KSV & SC: From which Black Studies scholars do you find inspiration? Which Black Studies scholars do you return to repeatedly?

EDP: Put simply, I find inspiration in the work of all Black queer feminist scholars past and present. Full stop. But to be more specific, I consider myself an ancestor-led and community-accountable scholar and teacher, so within Black Studies generally, I most often return to the work of ancestors such as Audre Lorde, June Jordan, Toni Cade Bambara, Pat Parker, Joseph Beam, Essex Hemphill, and Marlon Riggs, as well as elders such as the Combahee River Collective. In terms of contemporary scholars and scholarship, the work of Jacqueline Jones Royster, Beverly Moss, Barbra Smith, Jewelle Gomez, Carmen Kynard, Alexis DeVeaux, Elaine Richardson, Valerie Kinloch, Roderick Ferguson, E. Patrick Johnson, Alexis Pauline Gumbs, Ruth Nicole Brown, and Keeanga-Yahmatta Taylor, are essential to all of my research, and especially my current book project on community-accountable literacies and Black queer feminist pedagogies. Tanisha C. Ford, Carol Tulloch, Monica Miller, Elizabeth Way, Rikki Byrd, and Kimberly Jenkins have been essential to my work on Black fashion and performance. Within literacy, rhetoric, and writing studies, I am also inspired by Gwendolyn Pough, Tamika L. Carey, April Baker-Bell, and LaToya Sawyer, particularly in my thinking about Black feminist rhetorics, literacies, and pedagogies.

KSV & SC: Black Studies is rooted in activist action and the courage of change agents to make space for themselves and for others in academia. How have you tried to honor these origins in your work?

EDP: I have and continue to do my very best to honor this tradition through first and foremost paying forward the mentorship and support I received throughout my graduate studies and early career years. I was very fortunate to have mentors who are grounded in an ethics of care, justice, and self and communal love, but also doing good work and doing it from a place of right action. So, to all the students, junior colleagues, and peers with whom I am fortunate enough to build community and kinship, I try to extend that to them to whatever degree I can, including through the use of social media. Social media is one way I can make myself available to people and to do a kind of spiritual activism because I think that what my mentors did for me was help me to become my best person to do the work that I’m here to do but to also stay well. So, I try to use my presence on Twitter and Instagram to be a source of that light and love in the world because I understand that to be fundamentally important to our own wellness as individuals and as a community. Ultimately healthy people can really bring their best selves to the work and to the purpose they are here to serve in the world.

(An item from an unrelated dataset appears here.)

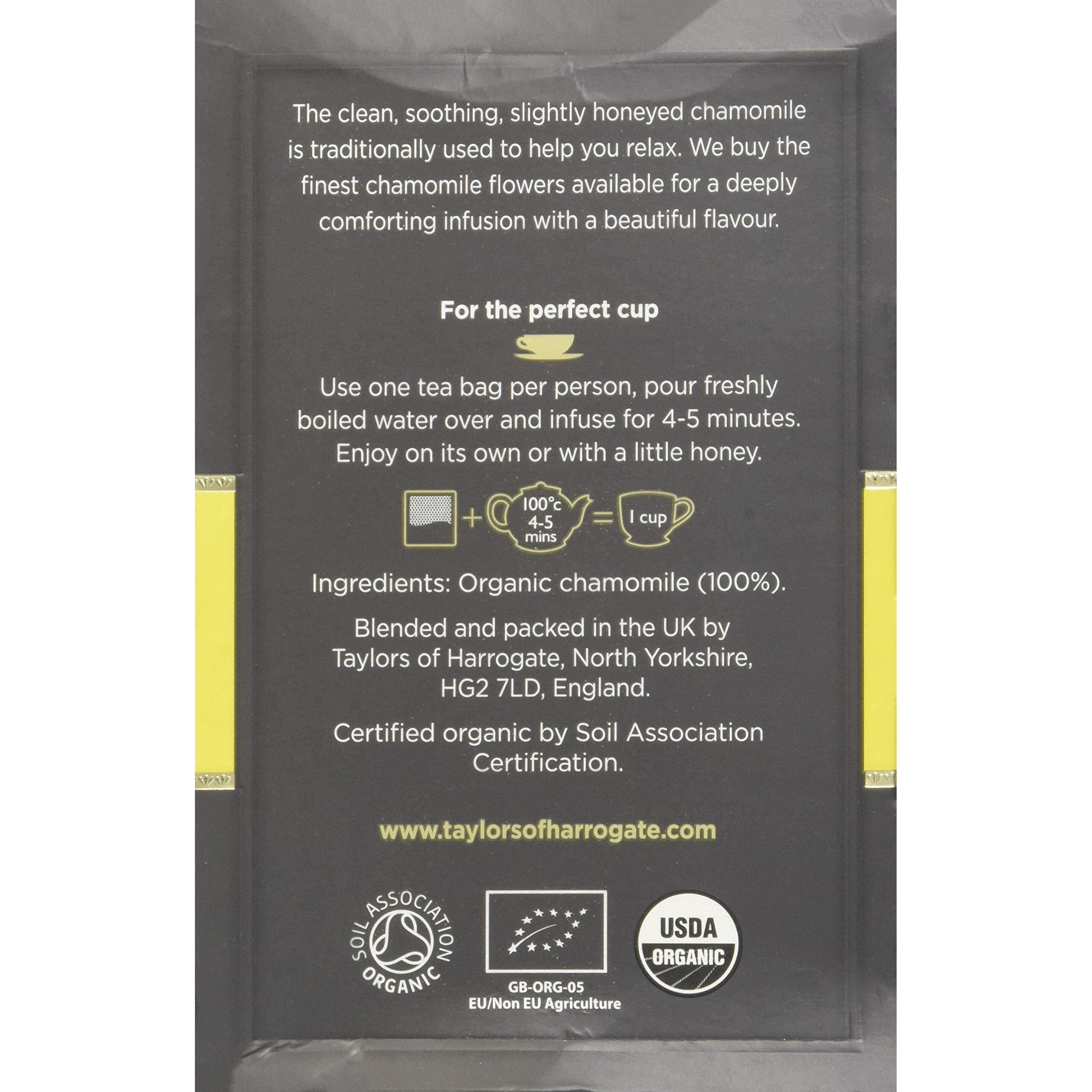 Taylors Of Harrogate Organic Chamomile Herbal Tea, 50 Teabags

I have committed to honoring these origins by doing my best to live a courageous existence in my research, scholarship, teaching, service, and ways of being, even when no one is looking. And I commit myself to being courageous because what I know, as Maya Angelou has said, is that courage is the most important of all the virtues because if you do not have courage you can’t practice any other virtue consistently. You can practice them erratically, but not consistently. So that means that kindness, love, forgiveness, and any other virtue can only be fully actualized by my being courageous, and so I choose to step into and recommit myself to that over and over again because I understand those virtues to be essential to any activist or courageous stance I may take for myself and others.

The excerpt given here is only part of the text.